Fig. 5: Spatial A-to-I editome marks characteristic features for different staining groups.
figure 5

Source data are provided as a Source Data file. a Percentage of A-to-I-edited samples per staining group (top) (n = 106 biologically independent samples (ROI)). Interquartile range (IQR) of boxplot is between Q1 and Q3 and centre line indicates median value. Whiskers of boxplot is extended to the maxima and minima. Maxima is Q3 + 1.5*IQR and minima is Q1 − 1.5*IQR. Bar graphs of ADAR gene expression according to the spatial groups (bottom). Bar plot indicates mean value and error bar indicates standard deviation. b Portions of A-to-I-edited regions in the genome (top). Profiles of editing in the non-repetitive regions, excluding upstream and downstream regions (middle). Portions of non-synonymous (Non-syn) and synonymous (Syn) editing events among the exonic-edited regions (bottom). c A-to-I editome landscape of different microniche groups.

Fig. 6: Non-synonymous A-to-I editing signatures are preserved in the stiaining microniche groups.
figure 6

Source data are provided as a Source Data file. a A-to-I editome of distant-clustered ROIs show preserved A-to-I signatures. b Tree with height clustered with physical distance between ROIs (left) and distribution of these clusters in the tissue. c A heatmap of single-base RNA editing event in selected genes related to iron mediation. d Volcano plot of fold change values of genes in samples with A-to-I-edited GPX4 variants compared to those without the variant. Microniches from four TNBC tissues (from patients B, C, D, and E) were analyzed. Blue dots indicate ferroptosis-related genes, red dots indicate upregulated genes in CSCs, and green dots indicate downregulated genes in CSCs.

A-to-I editing events in GPX4 gene are related to ferroptosis-related gene expression

Ferroptosis is a non-apoptotic and lipid reactive oxygen species (ROS)-related type of programmed cell death that affects inflammation-associated immunosuppression in tumours41,42. We noted that the CD44low/−/ALDH1high microniches with A-to-I-edited GPX4 variants had high ferroptosis-associated gene set level changes with high expression levels of GPX4. With recent findings that breast tumours maintain a reservoir of subclonal diversity43, we sought to investigate whether the GPX4 A-to-I editing event is related to residual cancer microniches. We applied Select-seq to four other patients who received neoadjuvant chemotherapy and supplied tissues B (ID: 180908T), C (ID: 180807T), D (ID: 190422T), and E (ID: 200710T), from which 161 target regions were selected for Select-seq (Supplementary Fig. 2).
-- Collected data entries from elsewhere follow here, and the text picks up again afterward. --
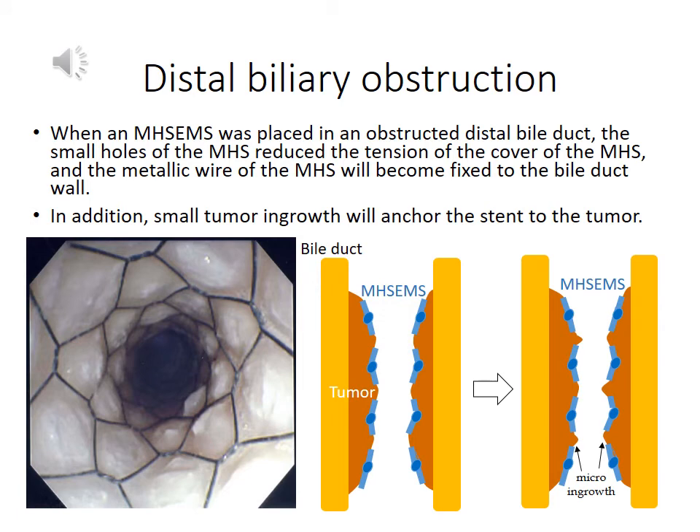When a multi-hole stand was placed in an obstructed distal bile duct, the small holes of the multi-hole stand reduced the tension of the cover, and the metallic wire was affixed to the wall of the bile duct. In addition, micro-ingrowth into the small holes of the multi-hole stand would prevent migration of the stand. Also, the small holes of the multi-hole stand may allow pancreatic fluid to flow into the stand, thereby preventing pancreatitis.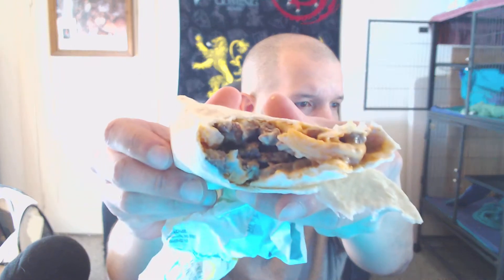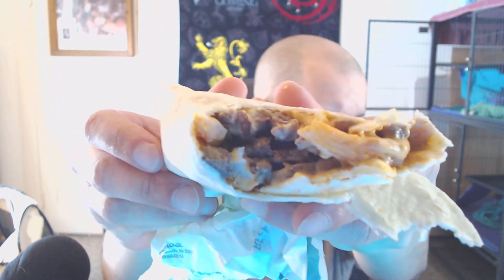Not much beef in mine — maybe I haven't hit it all the way. Let's take another bite. Mmm. Oh, yeah. Definitely a lot of beef in the middle part. Mmm. That's good.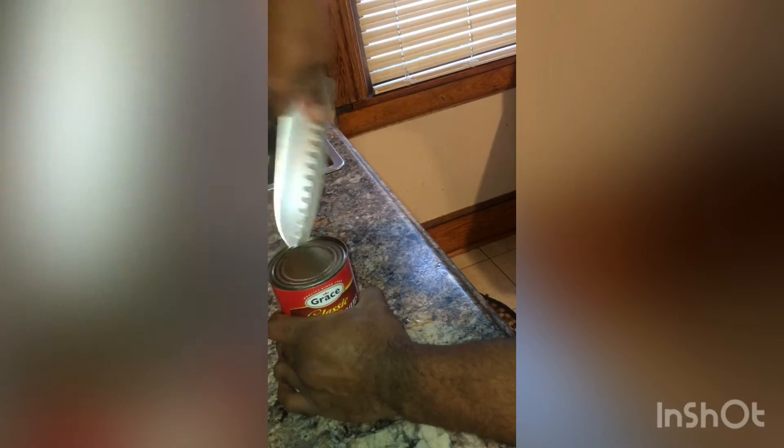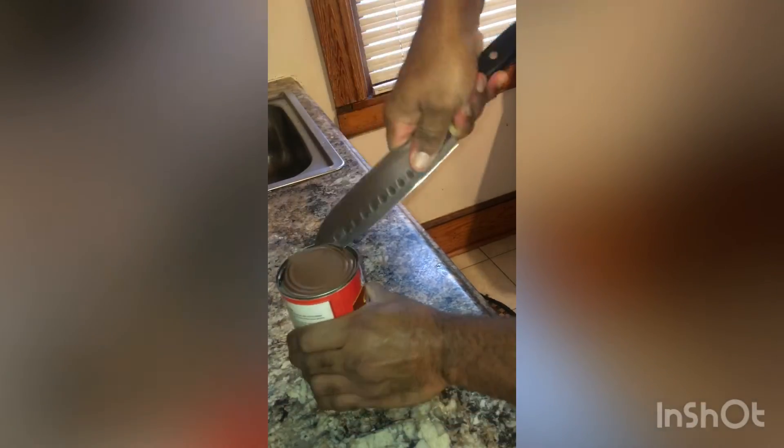Then you're going to stick it back in, apply some pressure, and cut your way all around the edges of the lid.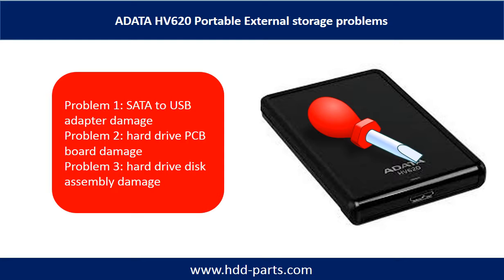Problem 1: SATA to USB adapter damage. Problem 2: hard drive PCB board damage. Problem 3: hard drive disk assembly damage.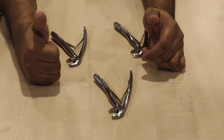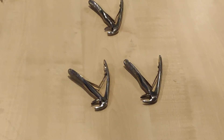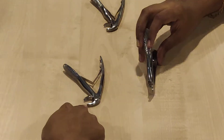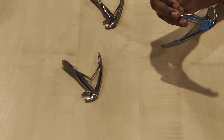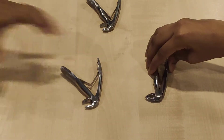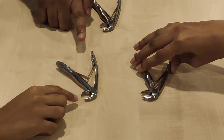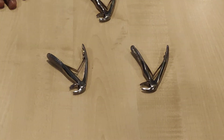That leaves us with incisors and canines. So tell me the difference between these two. We must close and check. There is a space there. So this is for canine, this is for incisors. Clear now? Okay, let's do an exercise.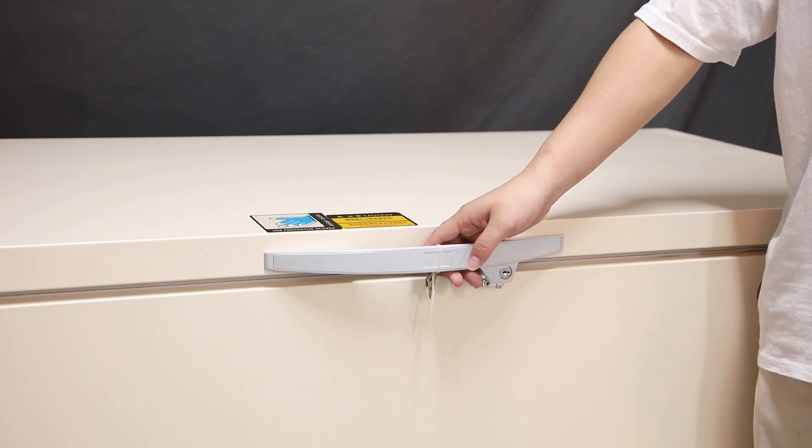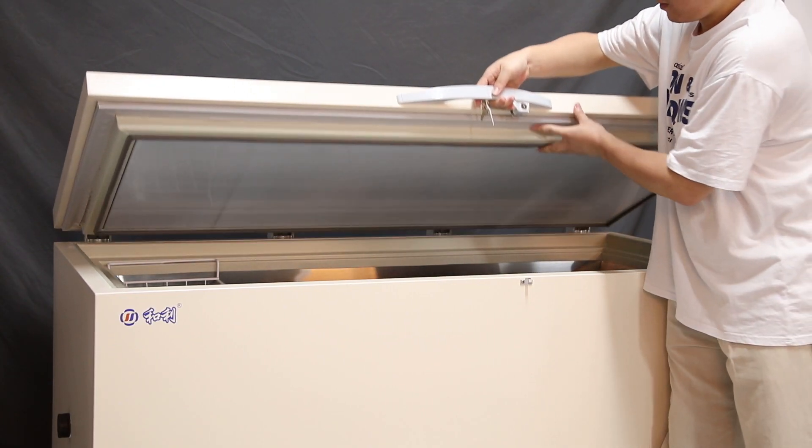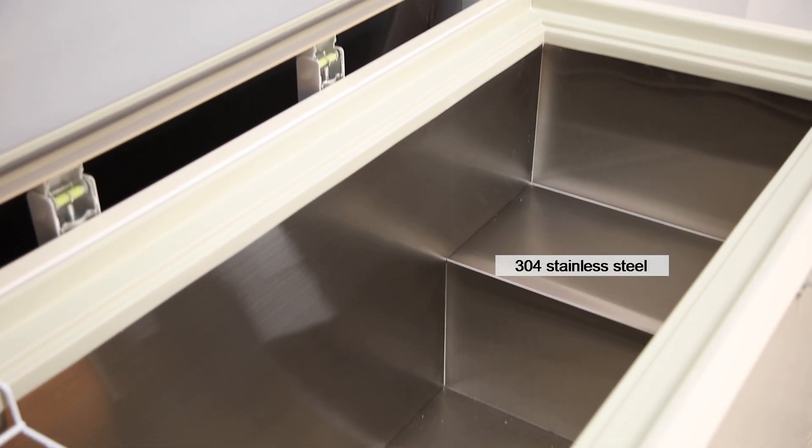Super thick foam layer and double seal design effectively protect the temperature inside the box. Using food grade 304 stainless steel and fluorine-free environmental refrigerant. Perfect alarm system.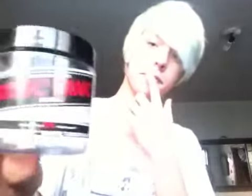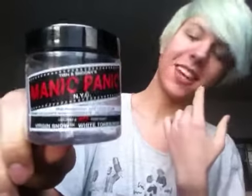Then I take Manic Panic's Virgin Snow and I put that all over. One jar is not enough to cover my head, so if you have longer hair than me, you're definitely going to need two jars. I only bought one jar because I wasn't sure about it, and that's why I need to retone it this week. This week I'm going to use a different toner — they come in little boxes in the dye areas at Sally's. Just look for the little pieces of hair samples sticking out, look for a white one, ask about it, and buy it. They're only like four dollars, which isn't bad, especially since I already have a big jug of peroxide.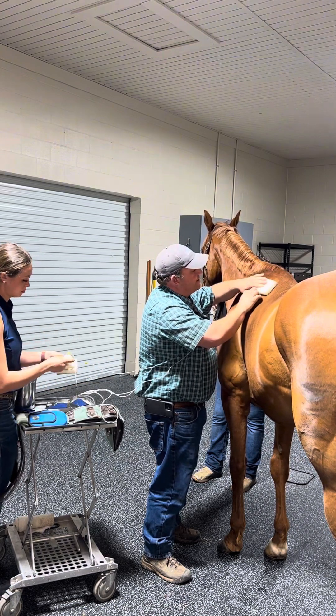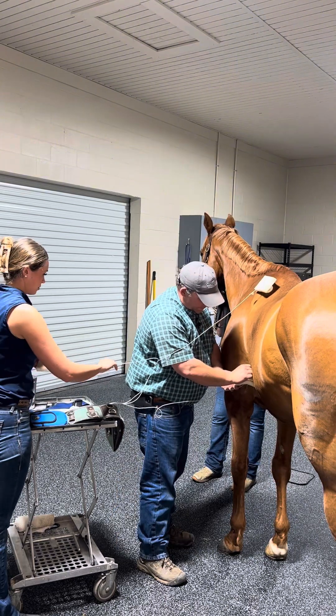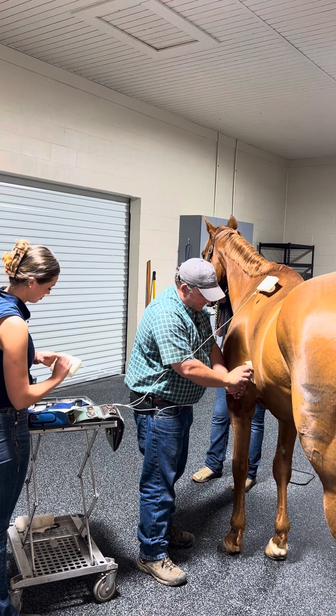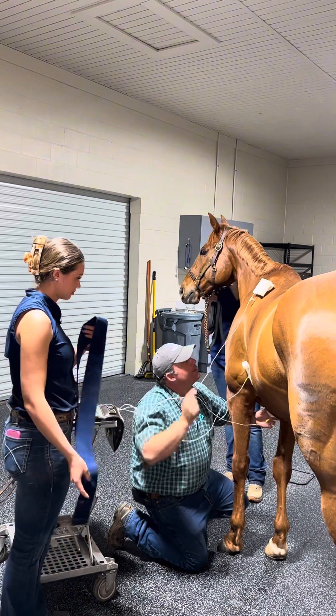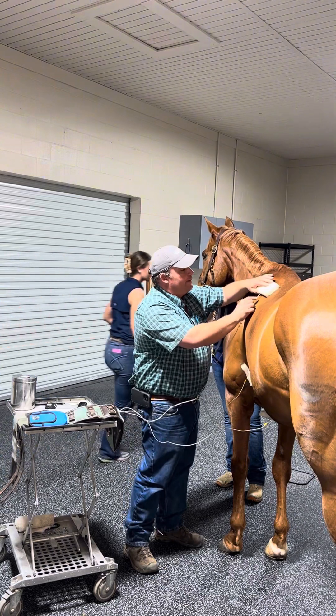You'll see what the purpose of the styrofoam is for in a moment. We've got all of our leads attached. The next part that we'll attach — we'll have to hold these in place.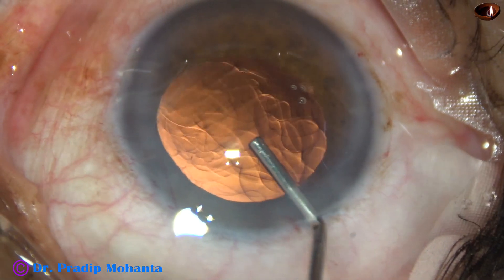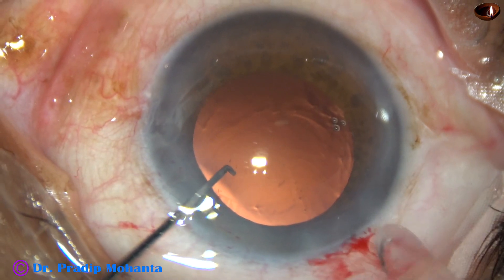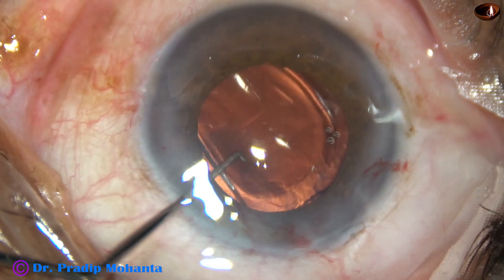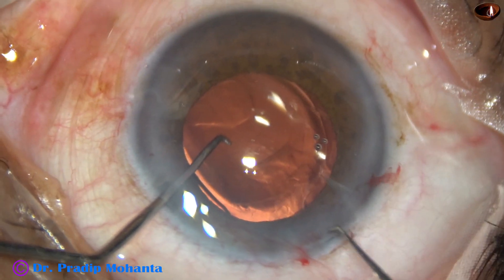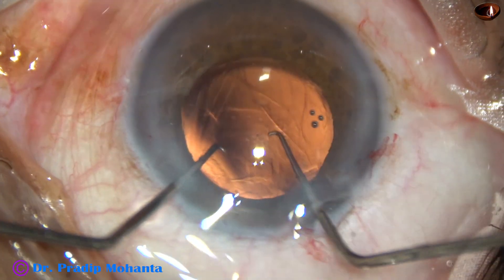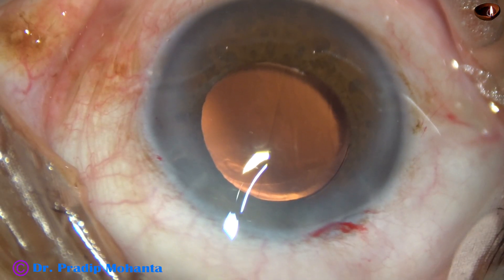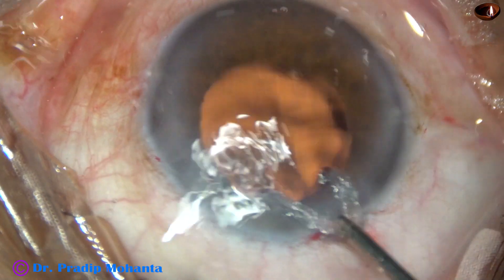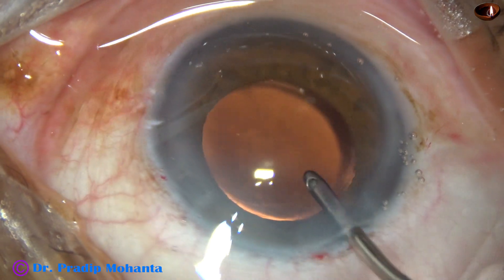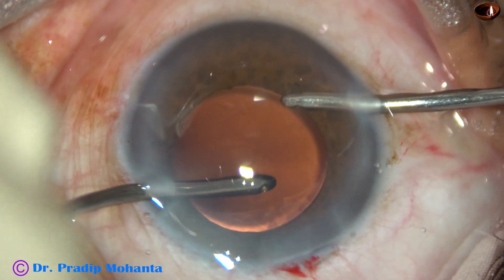And now this is visco, and this is a monofocal single-piece intraocular lens. The lens is implanted in the capsular bag. So the lens is placed in the capsular bag. The haptics are about 90 degrees away from the main incision. And now the visco that is there in the anterior chamber and the capsular bag is nicely removed by bimanual irrigation aspiration.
After screening the GPX4 gene in the microniches in the four tissues, we separated them into two groups: those with the A-to-I-edited GPX4 variant and those without the variant. We then depicted the volcano plot of the two different microniche groups in tissues B, C, D, and E (Fig. 6d). Specifically, the expression of the iron uptake protein-encoding gene TFRC was downregulated, while the expression of the iron storing ferritin-encoding gene FTH1/FTL and the lipid ROS elimination-related protein-encoding gene GPX4 was upregulated. We suspect that similar to the previously reported A-to-C single-nucleotide variations at the genomic level, this alteration causes the overexpression of GPX4 genes36. Additionally, pro-ferroptotic VDAC3 gene expression in the A-to-I-edited microniches suggests that these cells will not develop resistance to ferroptosis-inducing drugs such as erastin, which binds to VDAC344. In microniches without A-to-I editing in the GPX4 gene, the TFAP2C, ITGB6, and SPINT2 genes, which are known to be downregulated in CSCs, were overexpressed. Therefore, differentially expressed ferroptosis-related genes and GPX4 A-to-I editing events throughout the tissue were observed and led to our hypothesis that GPX4 A-to-I editing events affect ferroptosis in CSC-like microniches. We further explored whether A-to-I editing in GPX4 genes was related to clinical outcomes in TNBC patients.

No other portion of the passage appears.